▶ **Your instructions**:
State only how many lines of the records contain the string "plus".

▶ **Material supplied**:
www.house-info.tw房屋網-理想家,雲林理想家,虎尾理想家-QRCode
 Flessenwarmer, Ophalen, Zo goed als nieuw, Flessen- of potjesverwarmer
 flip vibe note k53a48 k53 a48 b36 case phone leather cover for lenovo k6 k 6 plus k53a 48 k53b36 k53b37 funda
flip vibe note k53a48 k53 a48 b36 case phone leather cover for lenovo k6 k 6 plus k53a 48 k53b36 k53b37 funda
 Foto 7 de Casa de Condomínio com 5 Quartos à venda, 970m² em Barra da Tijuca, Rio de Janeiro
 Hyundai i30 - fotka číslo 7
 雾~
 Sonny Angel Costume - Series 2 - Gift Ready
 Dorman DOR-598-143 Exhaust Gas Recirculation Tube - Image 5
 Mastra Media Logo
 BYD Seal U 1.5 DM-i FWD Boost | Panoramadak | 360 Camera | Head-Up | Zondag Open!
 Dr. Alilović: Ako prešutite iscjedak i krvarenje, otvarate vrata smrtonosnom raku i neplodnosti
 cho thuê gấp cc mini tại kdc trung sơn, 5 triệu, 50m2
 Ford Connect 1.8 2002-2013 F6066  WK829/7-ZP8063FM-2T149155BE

▶ **Solved exercise**:
2